Let ${\displaystyle X}$ be a compact space and ${\displaystyle Y}$ a paracompact space. Then ${\displaystyle X\times Y}$, the Cartesian product endowed with the product topology, is paracompact.

Related facts

Other results using the same proof technique:

• Compact times metacompact implies metacompact
• Compact times orthocompact implies orthocompact
• Compact times Lindelof implies Lindelof

Facts used

1. Tube lemma: Suppose ${\displaystyle X}$ is a compact space and ${\displaystyle Y}$ is a topological space. Then, given any open subset ${\displaystyle U}$ of ${\displaystyle X\times Y}$ containing ${\displaystyle X\times \{y\}}$ for some ${\displaystyle y\in Y}$, there exists an open subset ${\displaystyle V}$ of ${\displaystyle Y}$ such that ${\displaystyle y\in V}$ and ${\displaystyle X\times V\subseteq U}$.

Proof

Given: A compact space ${\displaystyle X}$, a paracompact space ${\displaystyle Y}$. ${\displaystyle \{U_{i}\}_{i\in I}}$ form an open cover of ${\displaystyle X\times Y}$.

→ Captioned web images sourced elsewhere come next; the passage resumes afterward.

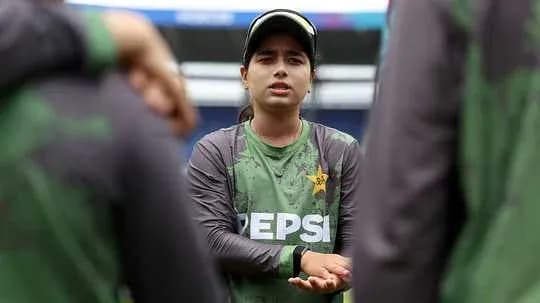 Player discussing strategy during team training session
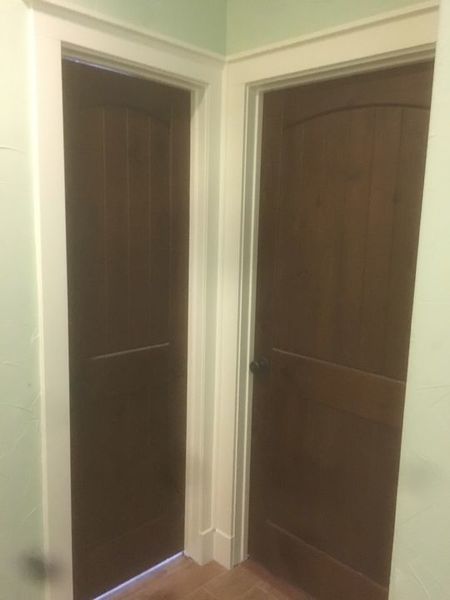 Two closed dark wood doors in a hallway with cream walls and trim.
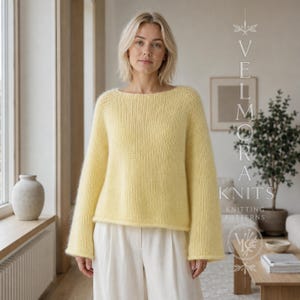 Op de afbeelding: Een lichtgele trui met lange mouwen, een ronde halslijn en een losse, ontspannen pasvorm. De gebreide stof heeft een zachte, pluizige textuur. De tekst VELMORA KNITS KNITTING PATTERNS is zichtbaar aan de rechterkant van de afbeelding.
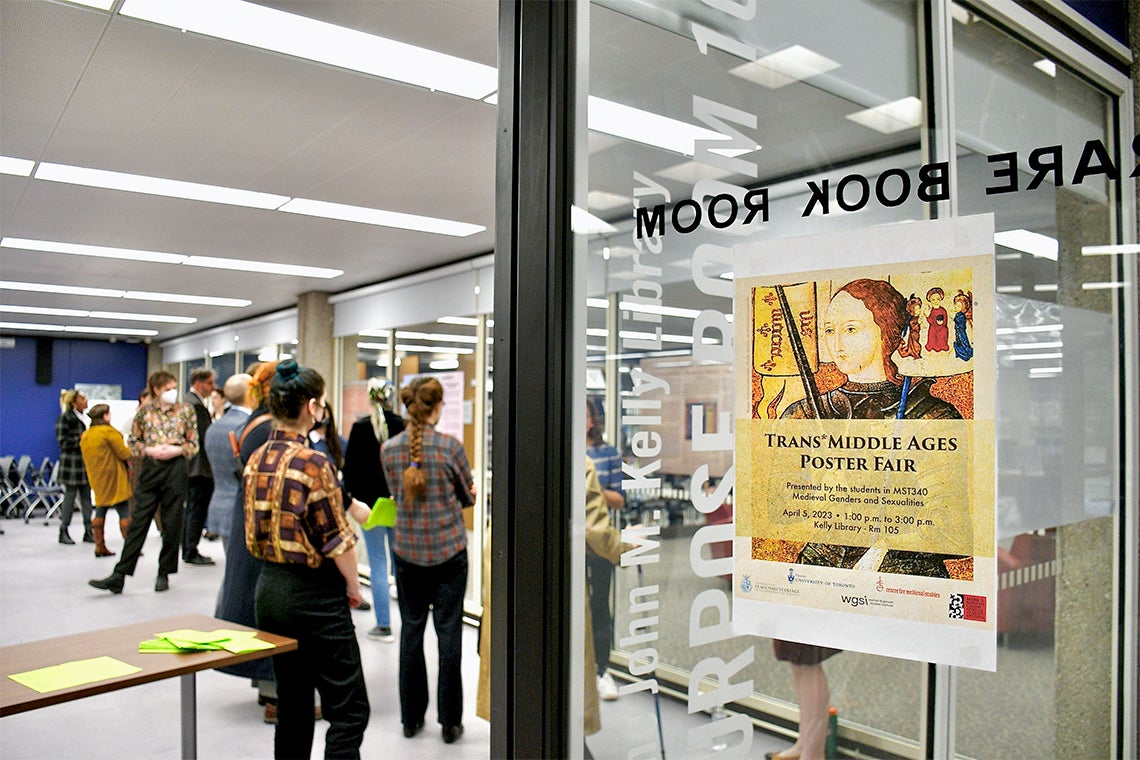 a poster for the Trans middle ages poster fair is seen on the door of the John M. Kelly library multipurpose room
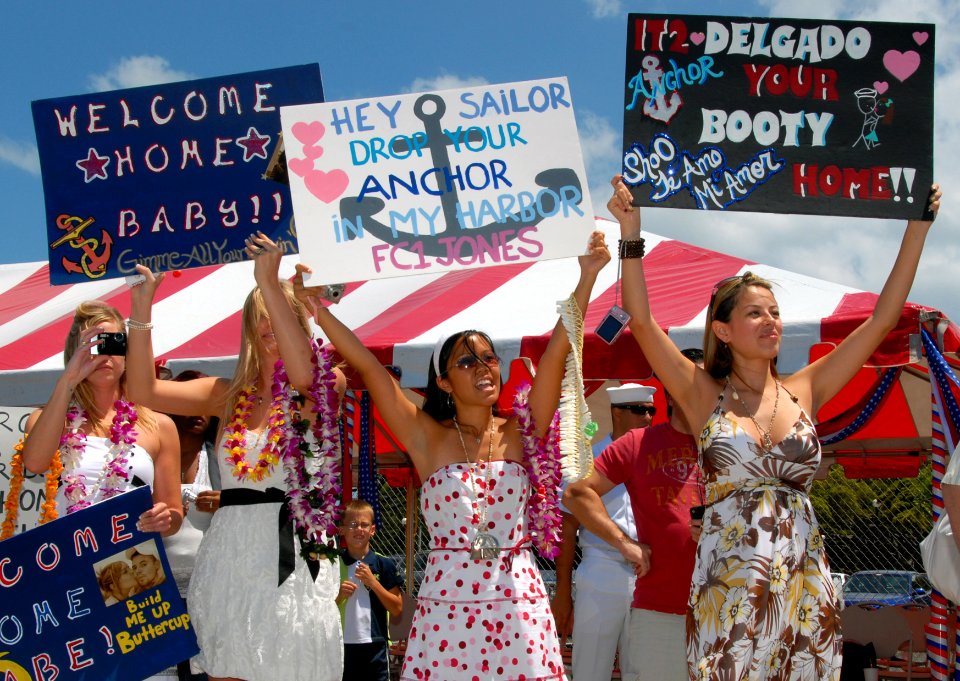 US Navy 080607-N-4965F-188 Friends and family members wave signs and shout to Sailors aboard the Arleigh Burke-class guided-missile destroyer USS Chafee (DDG 90)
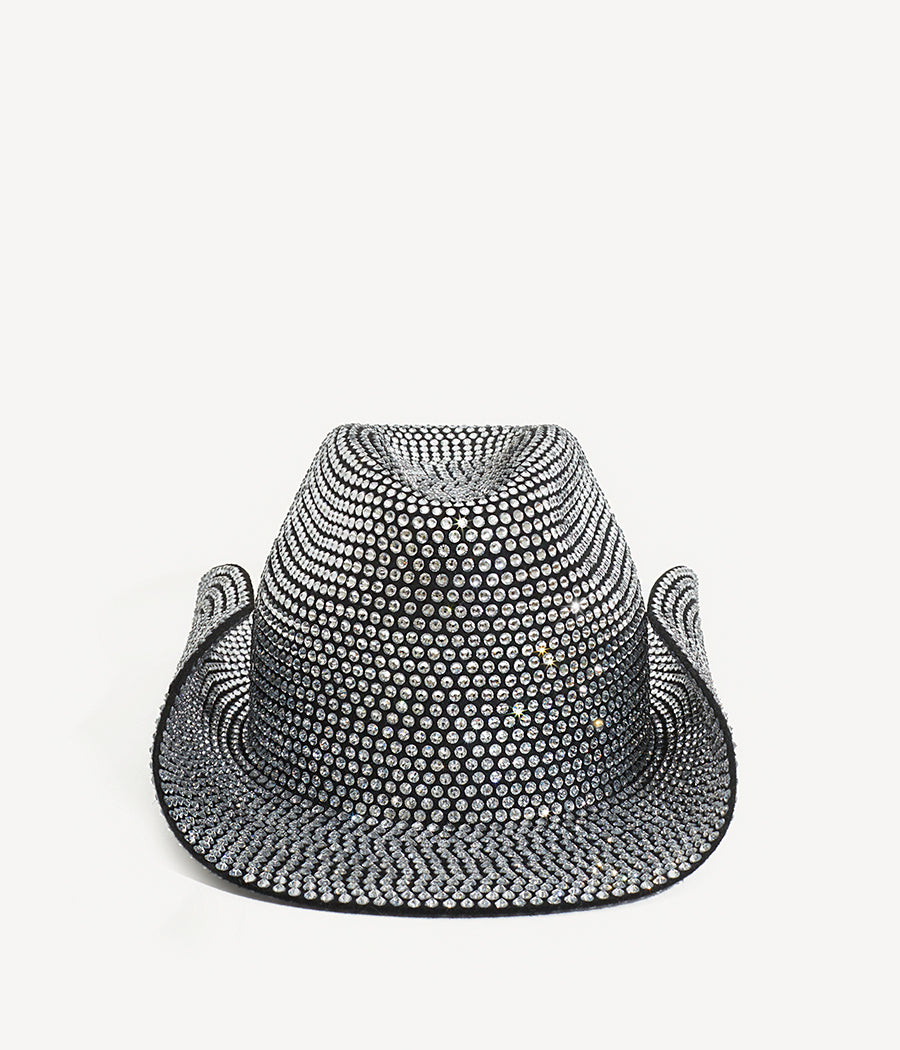 ALLwithoudDIS, Ruslan Baginskiy presents probably the shiniest cowboy hat that ever existed. A cowboy hat style was popularized through Hollywood Western movies, but we decided to completely reimagine its purpose. Obviously, this is not a kind of hat for taking a horse to the old town road, unless it brings you to the party.Traditionally, this style features a pinched crown and a low rodeo brim. This time they are fully covered in crystals, forming a limited edition cowboy hat. Being shamelessly sparkling per se, this hat will create a hypnotizing combination with a sparkle in your eyes.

To prove: There exists a locally finite open refinement of the ${\displaystyle U_{i}}$s, i.e., an open cover ${\displaystyle \{Q_{k}\}_{k\in K}}$ of ${\displaystyle X\times Y}$ such that:

• It is locally finite: For any point ${\displaystyle (x,y)\in X\times Y}$, there exists an open set ${\displaystyle R}$ containing ${\displaystyle (x,y)}$ that intersects only finitely many of the ${\displaystyle Q_{k}}$s.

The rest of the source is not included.